**The input:**
━━━━
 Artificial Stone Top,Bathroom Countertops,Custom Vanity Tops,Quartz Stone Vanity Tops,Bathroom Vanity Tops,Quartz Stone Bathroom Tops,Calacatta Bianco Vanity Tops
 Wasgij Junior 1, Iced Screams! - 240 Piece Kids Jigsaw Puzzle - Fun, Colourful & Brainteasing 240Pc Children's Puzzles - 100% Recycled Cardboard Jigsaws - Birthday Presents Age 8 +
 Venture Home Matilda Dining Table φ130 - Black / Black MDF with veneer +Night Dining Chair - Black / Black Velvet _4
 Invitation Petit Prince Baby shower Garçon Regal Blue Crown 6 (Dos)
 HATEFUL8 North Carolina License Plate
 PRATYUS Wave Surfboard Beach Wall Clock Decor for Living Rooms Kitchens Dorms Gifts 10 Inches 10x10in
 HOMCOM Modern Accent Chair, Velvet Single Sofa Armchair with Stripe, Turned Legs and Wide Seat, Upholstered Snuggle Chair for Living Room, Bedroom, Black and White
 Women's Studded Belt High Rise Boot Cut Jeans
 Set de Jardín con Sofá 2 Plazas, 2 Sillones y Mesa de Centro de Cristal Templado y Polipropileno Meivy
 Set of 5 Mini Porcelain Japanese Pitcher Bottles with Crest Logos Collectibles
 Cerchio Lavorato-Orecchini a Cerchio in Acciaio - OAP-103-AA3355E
━━━━
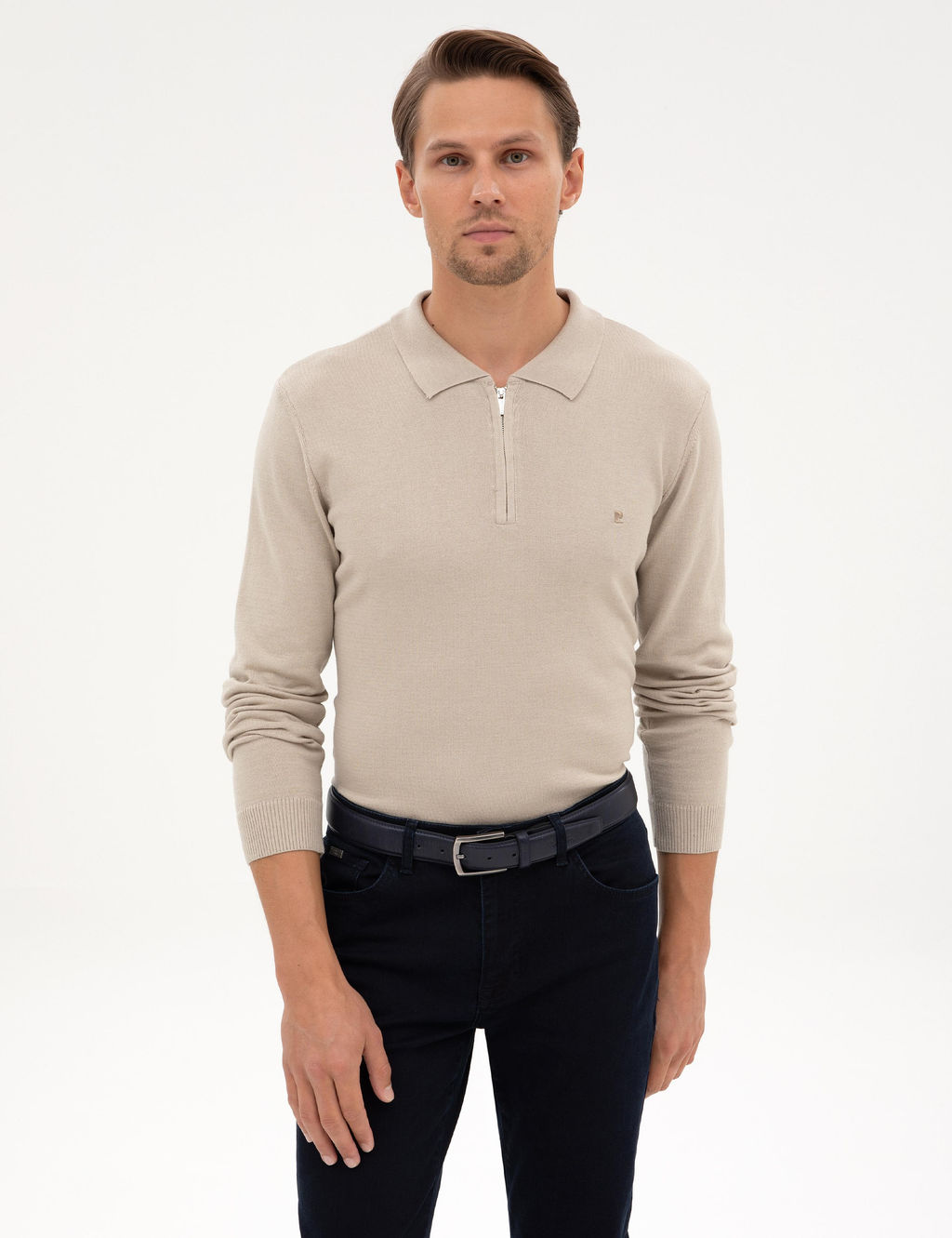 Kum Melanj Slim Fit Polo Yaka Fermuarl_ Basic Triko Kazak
━━━━
When you reach the line with "Wasgij Junior 1, Iced" in the records above, start writing out lines exactly, and stop once the line with "Cerchio Lavorato-Orecchini a" has been written; include nothing else.

 Wasgij Junior 1, Iced Screams! - 240 Piece Kids Jigsaw Puzzle - Fun, Colourful & Brainteasing 240Pc Children's Puzzles - 100% Recycled Cardboard Jigsaws - Birthday Presents Age 8 +
 Venture Home Matilda Dining Table φ130 - Black / Black MDF with veneer +Night Dining Chair - Black / Black Velvet _4
 Invitation Petit Prince Baby shower Garçon Regal Blue Crown 6 (Dos)
 HATEFUL8 North Carolina License Plate
 PRATYUS Wave Surfboard Beach Wall Clock Decor for Living Rooms Kitchens Dorms Gifts 10 Inches 10x10in
 HOMCOM Modern Accent Chair, Velvet Single Sofa Armchair with Stripe, Turned Legs and Wide Seat, Upholstered Snuggle Chair for Living Room, Bedroom, Black and White
 Women's Studded Belt High Rise Boot Cut Jeans
 Set de Jardín con Sofá 2 Plazas, 2 Sillones y Mesa de Centro de Cristal Templado y Polipropileno Meivy
 Set of 5 Mini Porcelain Japanese Pitcher Bottles with Crest Logos Collectibles
 Cerchio Lavorato-Orecchini a Cerchio in Acciaio - OAP-103-AA3355E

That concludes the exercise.